# Training a UNet Model for Solar Radio Burst Segmentation using PyTorch

In this notebook, we demonstrate how to train a UNet model for segmenting solar radio bursts using transfer learning. 
The training is split into two phases:

1. **Phase 1:** Freeze the encoder (pre-trained on ImageNet) and train only the decoder.  
2. **Phase 2:** Unfreeze the encoder and fine-tune the entire model using a lower learning rate.

We use a combined loss function consisting of binary cross-entropy (BCE) loss and a Jaccard (IOU) loss, and we monitor the IOU and F1 metrics on a validation set.

1. Import Libraries

In [1]:
import os
import numpy as np
import torch
from torch.utils.data import DataLoader, TensorDataset
from sklearn.model_selection import train_test_split
from train_utils import create_dataset, build_unet, freeze_encoder_weights, unfreeze_encoder_weights, combined_loss, compute_metrics, train_one_epoch, validate_one_epoch, adjust_learning_rate, save_checkpoint, train_model
device = torch.device("cuda" if torch.cuda.is_available() else "cpu")
print("Using device:", device)

  from .autonotebook import tqdm as notebook_tqdm


Using device: cpu


2. Data Loading and Preprocessing

We assume that image and mask CSV files are stored in a single directory.
The naming convention is as follows:

- For burst slices:
       slice_20240608_y155_x270406_SkylineHS.csv
       slice_20240608_y155_x270406_SkylineHS_mask.csv

- For non-burst slices:
       slice_20240420_y0_x3391_PeachMountain_2020_nonburst.csv

The `create_dataset` function reads the files, normalizes them to [0, 1], and splits the data into training and validation sets.

In [2]:
data_dir = '/Users/remiliascarlet/Desktop/MDP/transfer_learning/burst_data/csv/saved_slices/finished'

(train_images, train_masks), (val_images, val_masks) = create_dataset(data_dir, img_size=(256, 256), test_size=0.2, random_state=42)

print("Training images shape:", train_images.shape)
print("Validation images shape:", val_images.shape)

Training images shape: (1171, 256, 256, 1)
Validation images shape: (293, 256, 256, 1)


3. Create DataLoaders

Convert the numpy arrays into PyTorch tensors and create DataLoaders.

We also need to permute dimensions from (N, H, W, C) to (N, C, H, W).

In [3]:
import torch

# Convert numpy arrays to Torch tensors and permute to (N, channels, H, W)
train_images_tensor = torch.tensor(train_images).permute(0, 3, 1, 2)
train_masks_tensor  = torch.tensor(train_masks).permute(0, 3, 1, 2)

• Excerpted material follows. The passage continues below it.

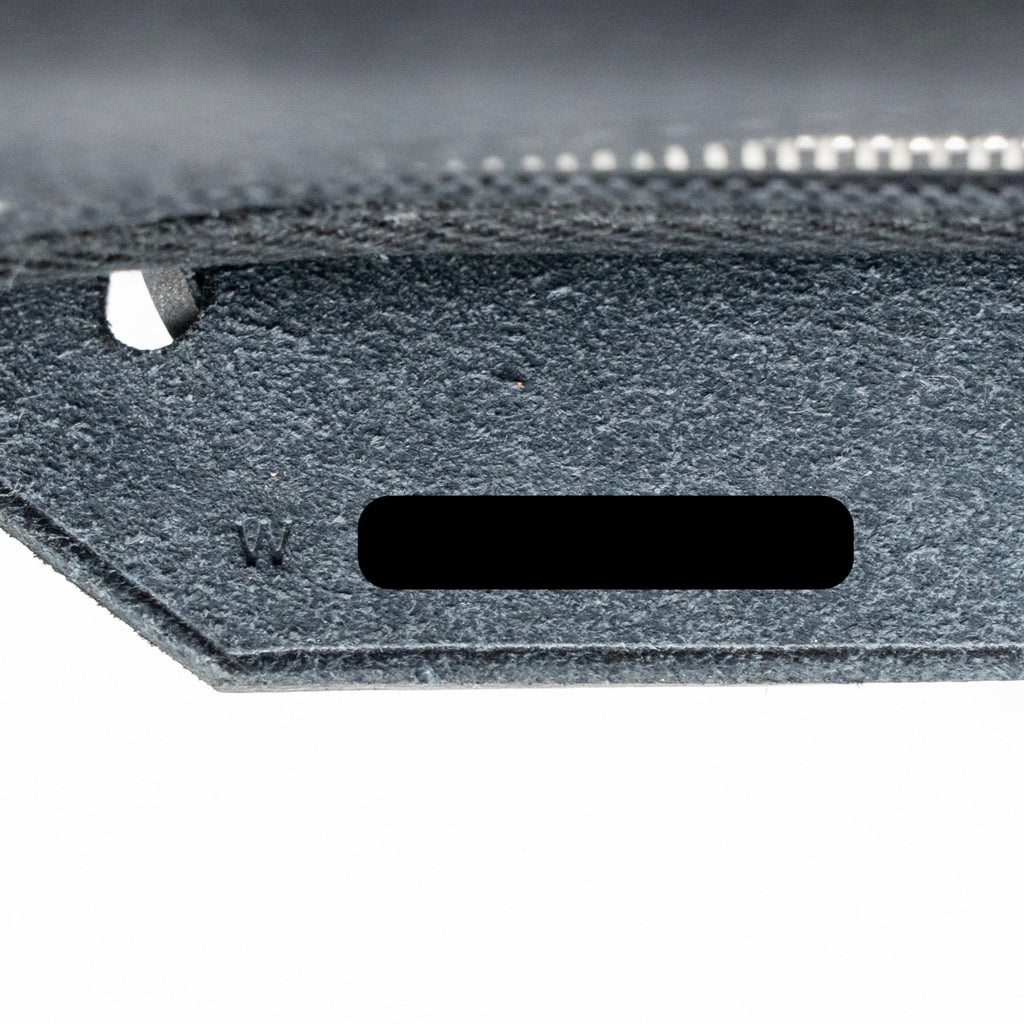hermes-black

val_images_tensor = torch.tensor(val_images).permute(0, 3, 1, 2)
val_masks_tensor  = torch.tensor(val_masks).permute(0, 3, 1, 2)

# Create TensorDatasets
train_dataset = TensorDataset(train_images_tensor, train_masks_tensor)
val_dataset   = TensorDataset(val_images_tensor, val_masks_tensor)

# Create DataLoaders
batch_size = 16
train_loader = DataLoader(train_dataset, batch_size=batch_size, shuffle=True, pin_memory=True)
val_loader = DataLoader(val_dataset, batch_size=batch_size, shuffle=False, pin_memory=True)

4. Model Construction

Build a UNet model using the `build_unet` function from the segmentation_models library.

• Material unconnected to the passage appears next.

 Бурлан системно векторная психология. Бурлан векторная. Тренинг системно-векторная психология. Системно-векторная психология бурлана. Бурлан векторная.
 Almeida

Here we set `input_shape=(256,256,1)` for grayscale images, `num_classes=1` for binary segmentation,
and use pre-trained ImageNet weights with a ResNet34 backbone.

In [4]:
# Import segmentation_models_pytorch library if not already installed: pip install segmentation-models-pytorch
model = build_unet(input_shape=(256, 256, 1), num_classes=1, encoder_weights='imagenet')
model.to(device)
print(model)

Downloading: "https://download.pytorch.org/models/resnet34-333f7ec4.pth" to /Users/remiliascarlet/.cache/torch/hub/checkpoints/resnet34-333f7ec4.pth
100%|██████████| 83.3M/83.3M [00:03<00:00, 28.7MB/s]


Unet(
  (encoder): ResNetEncoder(
    (conv1): Conv2d(1, 64, kernel_size=(7, 7), stride=(2, 2), padding=(3, 3), bias=False)
    (bn1): BatchNorm2d(64, eps=1e-05, momentum=0.1, affine=True, track_running_stats=True)
    (relu): ReLU(inplace=True)
    (maxpool): MaxPool2d(kernel_size=3, stride=2, padding=1, dilation=1, ceil_mode=False)
    (layer1): Sequential(
      (0): BasicBlock(
        (conv1): Conv2d(64, 64, kernel_size=(3, 3), stride=(1, 1), padding=(1, 1), bias=False)
        (bn1): BatchNorm2d(64, eps=1e-05, momentum=0.1, affine=True, track_running_stats=True)
        (relu): ReLU(inplace=True)
        (conv2): Conv2d(64, 64, kernel_size=(3, 3), stride=(1, 1), padding=(1, 1), bias=False)
        (bn2): BatchNorm2d(64, eps=1e-05, momentum=0.1, affine=True, track_running_stats=True)
      )
      (1): BasicBlock(
        (conv1): Conv2d(64, 64, kernel_size=(3, 3), stride=(1, 1), padding=(1, 1), bias=False)
        (bn1): BatchNorm2d(64, eps=1e-05, momentum=0.1, affine=True, track

5. Training the Model

We train the model using a two-phase process:

    - **Phase 1:** The encoder is frozen for a number of epochs, training only the decoder.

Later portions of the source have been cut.